PROBLEM TO SOLVE:
Every line of the material below should be output exactly as written, with the images skipped.

EXTRACTED ENTRIES:
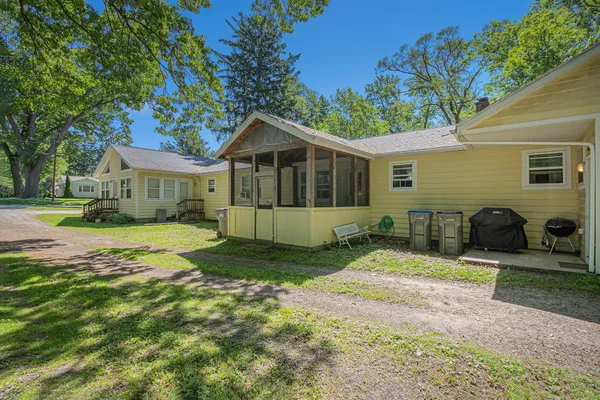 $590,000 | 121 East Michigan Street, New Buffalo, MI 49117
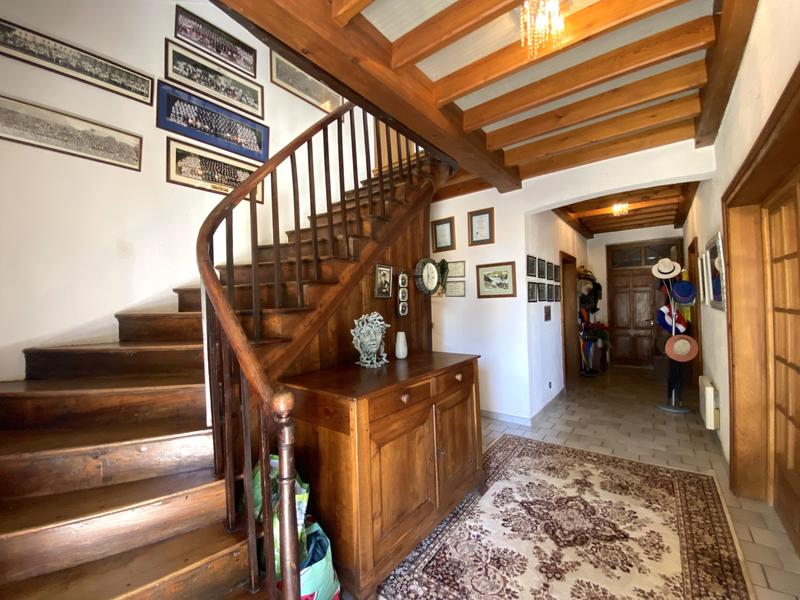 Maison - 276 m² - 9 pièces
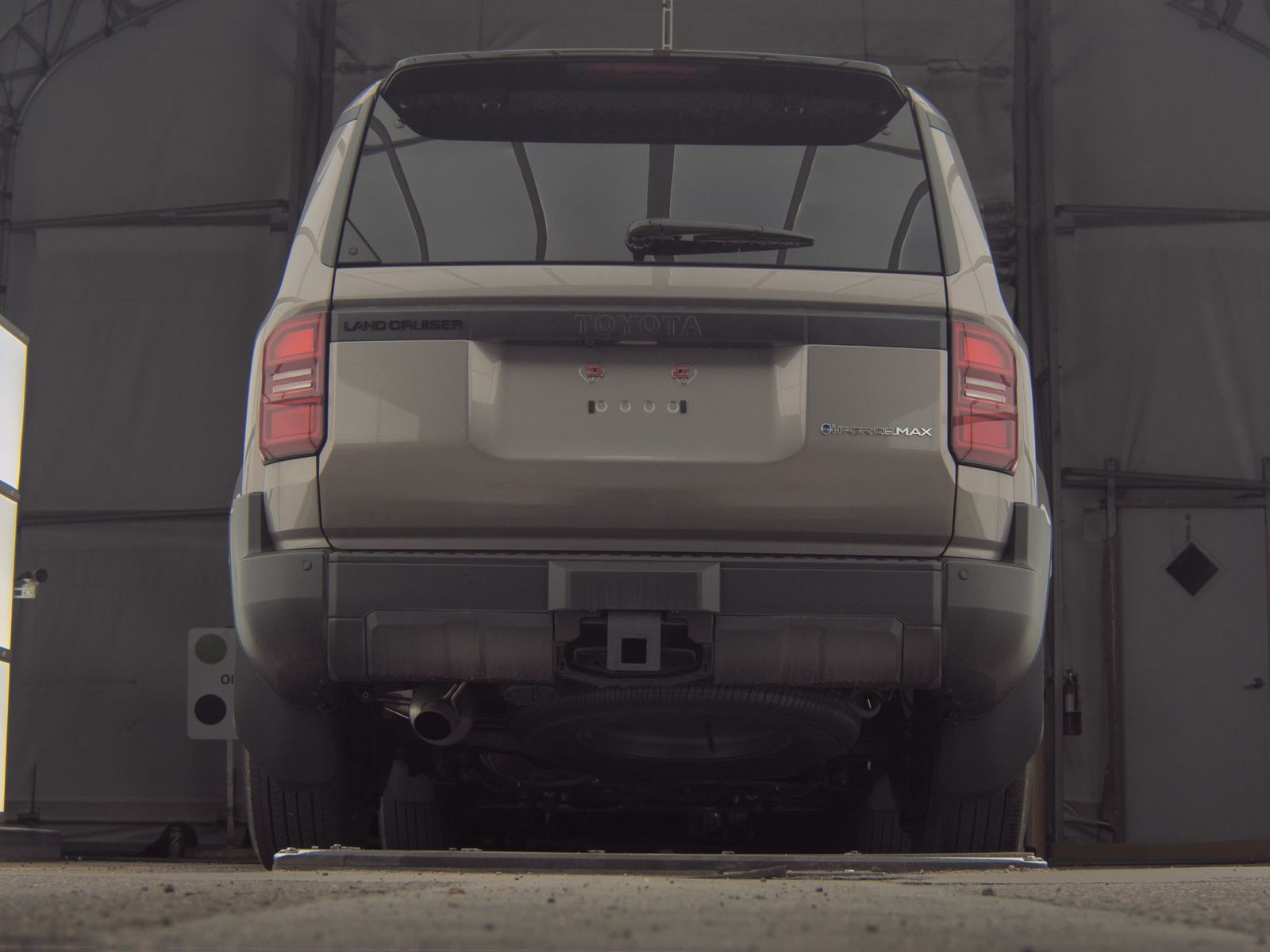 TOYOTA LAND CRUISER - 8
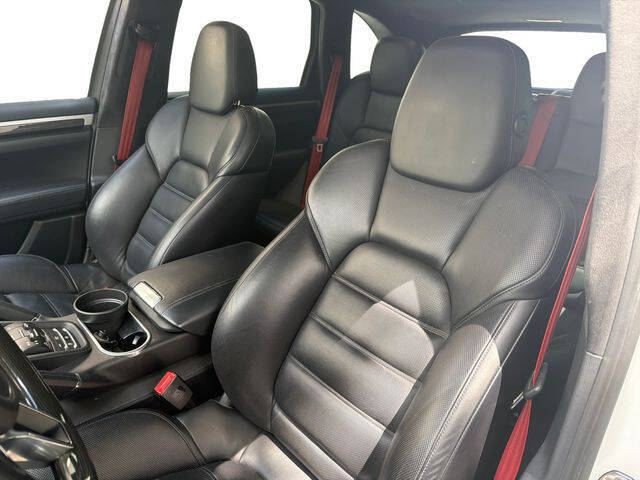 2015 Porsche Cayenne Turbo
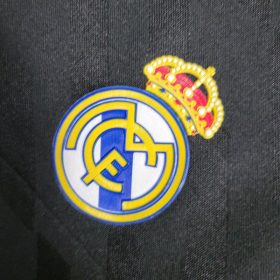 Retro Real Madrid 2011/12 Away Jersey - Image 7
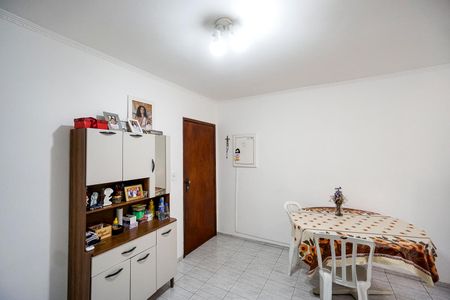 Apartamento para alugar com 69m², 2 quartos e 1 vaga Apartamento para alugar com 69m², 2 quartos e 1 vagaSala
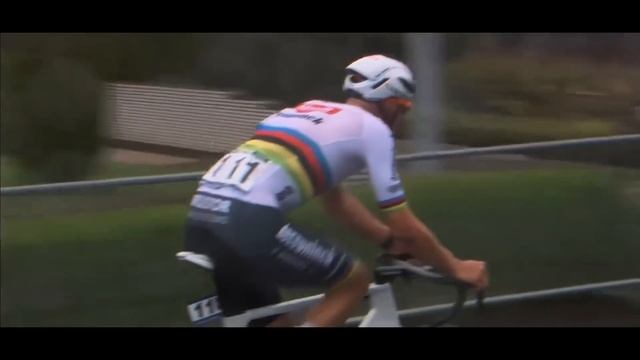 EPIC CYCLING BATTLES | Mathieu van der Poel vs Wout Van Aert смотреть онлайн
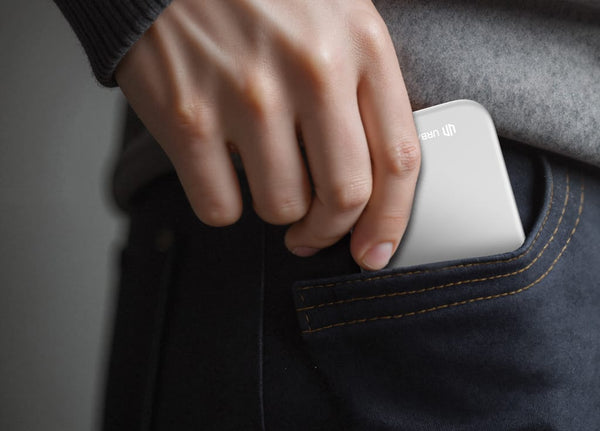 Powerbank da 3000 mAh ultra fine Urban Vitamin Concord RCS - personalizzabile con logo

SOLUTION TO THIS PROBLEM:
 $590,000 | 121 East Michigan Street, New Buffalo, MI 49117
 Maison - 276 m² - 9 pièces
 TOYOTA LAND CRUISER - 8
 2015 Porsche Cayenne Turbo
 Retro Real Madrid 2011/12 Away Jersey - Image 7
 Apartamento para alugar com 69m², 2 quartos e 1 vaga Apartamento para alugar com 69m², 2 quartos e 1 vagaSala
 EPIC CYCLING BATTLES | Mathieu van der Poel vs Wout Van Aert смотреть онлайн
 Powerbank da 3000 mAh ultra fine Urban Vitamin Concord RCS - personalizzabile con logo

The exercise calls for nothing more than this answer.